The P-38L "Pathfinder" was a modification based on P-38J and L airframes intended for radar bombing and mapping missions. The aircraft was unarmed, and featured a completely new forward nose section which provided room for an AN/APS-15 Bombing Through Overcast (BTO) radar installation, also known as "Mickey Radar" and an operator. The nose was opaque, and side windows were provided for the second crew member. Although the prototype was a P-38J, the production conversions, which were done by Lockheed's Dallas Modification Center, were P-38L's. These were believed to have been designated P-38L-3-LO. Only a small number was produced, but most of these were sent to Europe where they were used operationally during 1945.

Opening the Box
The kit itself contains 7 sprues and one photo etched sheet. In the box, the molding looks excellent. This kit obviously is a development of a previous kit that I have not seen, probably of a P-38J or L. A few parts, notably a set of "Christmas Tree" rockets and their racks, are extra, and will not be used.

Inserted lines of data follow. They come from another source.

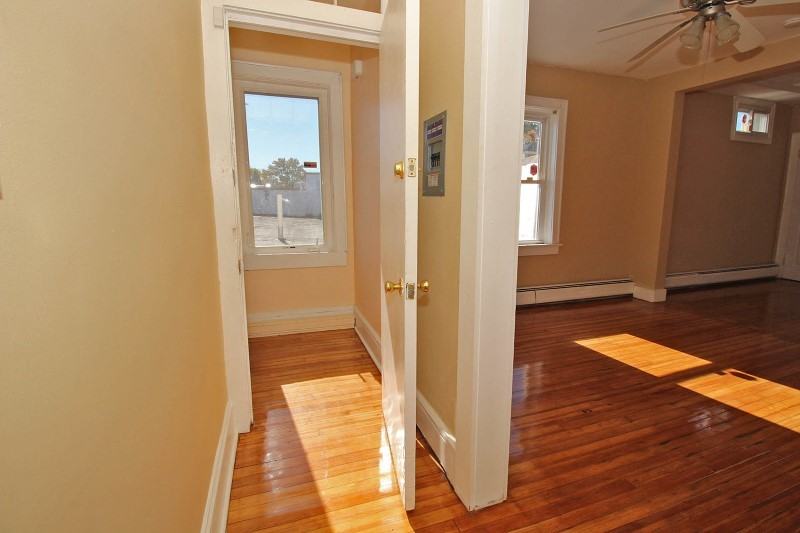 426 New York Pl #2 - Photo 3 of 21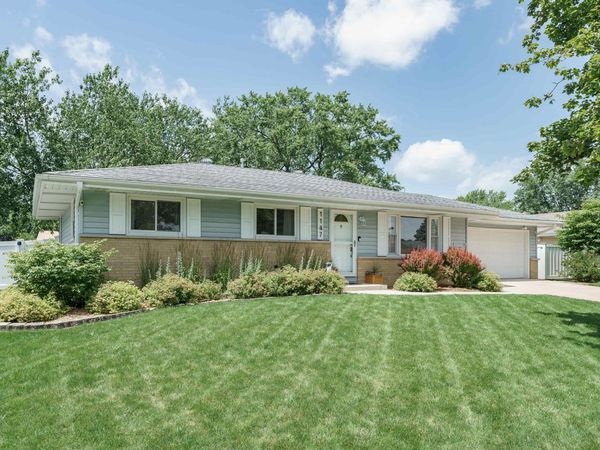 1147 Ontario Drive, Janesville, WI 53545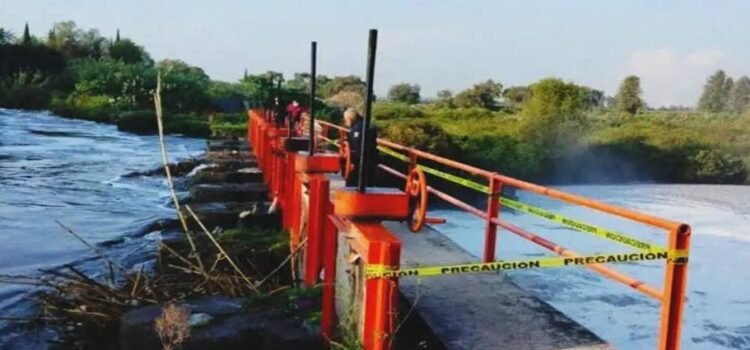Localizan cuerpo en canal de aguas negras en Tlahuelilpan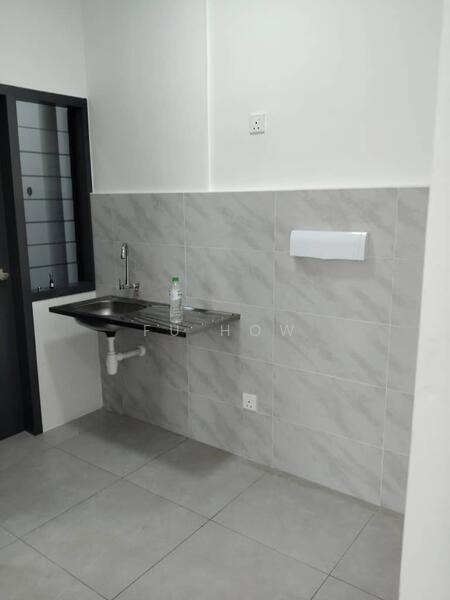 Kediaman Servis untuk Dijual di ASTON ACACIA - FU HOW - Kitchen - PropertyGuru.com.my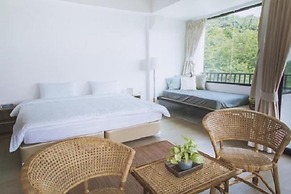 The Dearly Koh Tao Hostel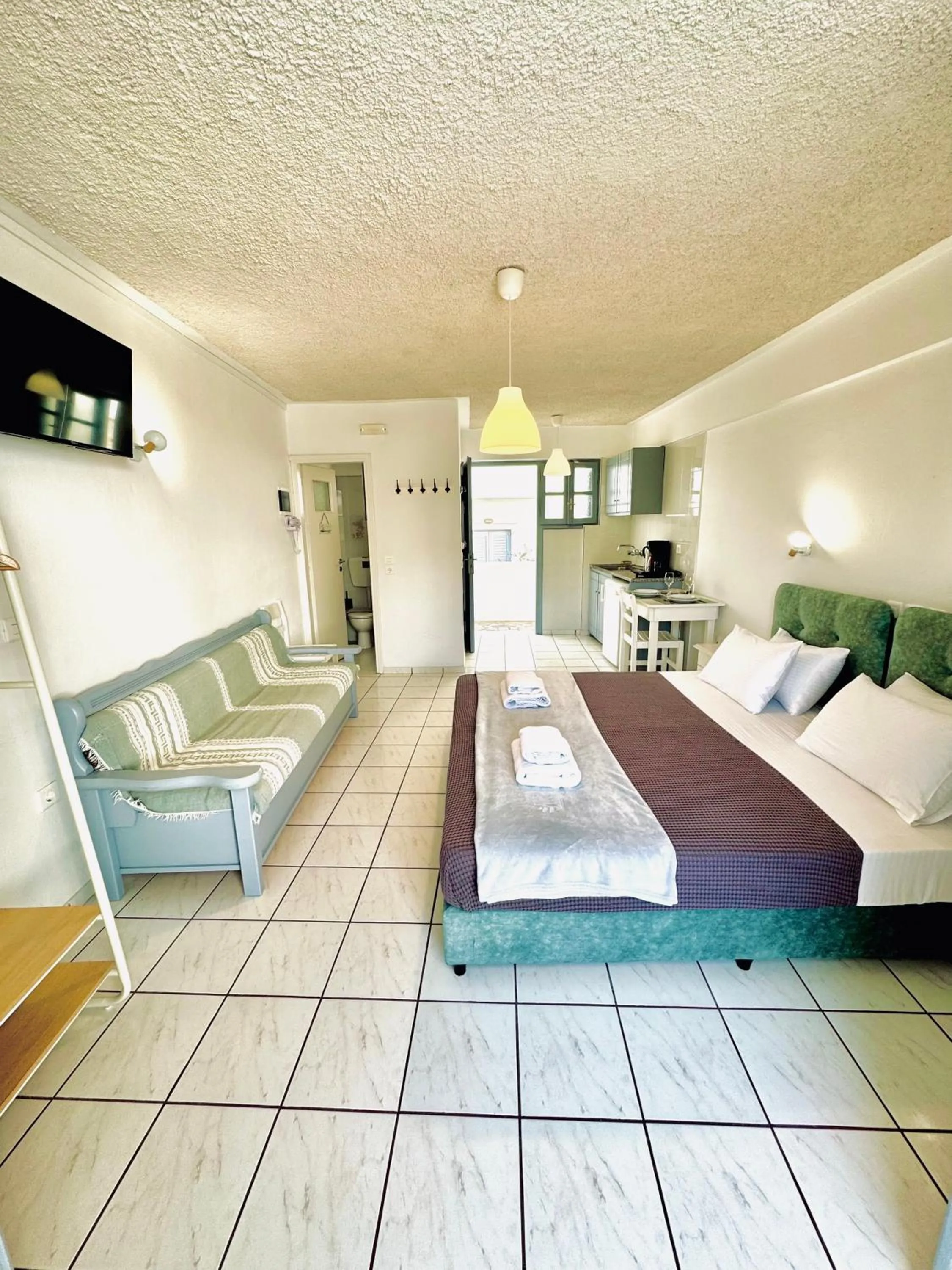 Photo of the whole room, Bed in Zacharakis Studios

The kit comes with 8 pages of instructions on an accordion-type paper. These contain a good perspective drawing, sprue diagram, a paint color guide, thirteen exploded assembly drawings, and two plan view pages, showing two different aircraft. There is no real documentation on the color schemes provided, and I have not been able to find a photo of one of these aircraft, except for two photos of "Pathfinders", apparently taken at the Dallas modification Center, in factory finish.

The decal sheet is quite small, but contains insignias, a lot of maintenance and "no-step" markings, and unit codes. Markings are provided for an all-silver aircraft, 44-23878, coded "AX" in a black square, listed as being assigned to the 9th Air Force, ETO, 1945. The alternative is 44-23880, coded "Q3-0", which has a more interesting color scheme, with silver topsides and black underneath. This aircraft is listed as "Unidentified Unit, ETO, 1945". Both aircraft have olive drab anti-glare panels on the nose and engine cowlings. The decals are of good quality, and don't require trimming.

Building The Kit
For this variant, the clear nose section replaces the standard nose, and has to be trimmed off precisely on the panel lines. The instructions are unclear as to exactly where the parts are to be cut, but an experienced modeler should have no problem with this. I did have to use a considerable amount of filler to get it right. One fact NOT mentioned in the instructions is the need for a LOT of weight in the nose. I filled the nose section with shot, along with the forward parts of the engine nacelles, and the airplane balanced fine when I finally set it on its wheels.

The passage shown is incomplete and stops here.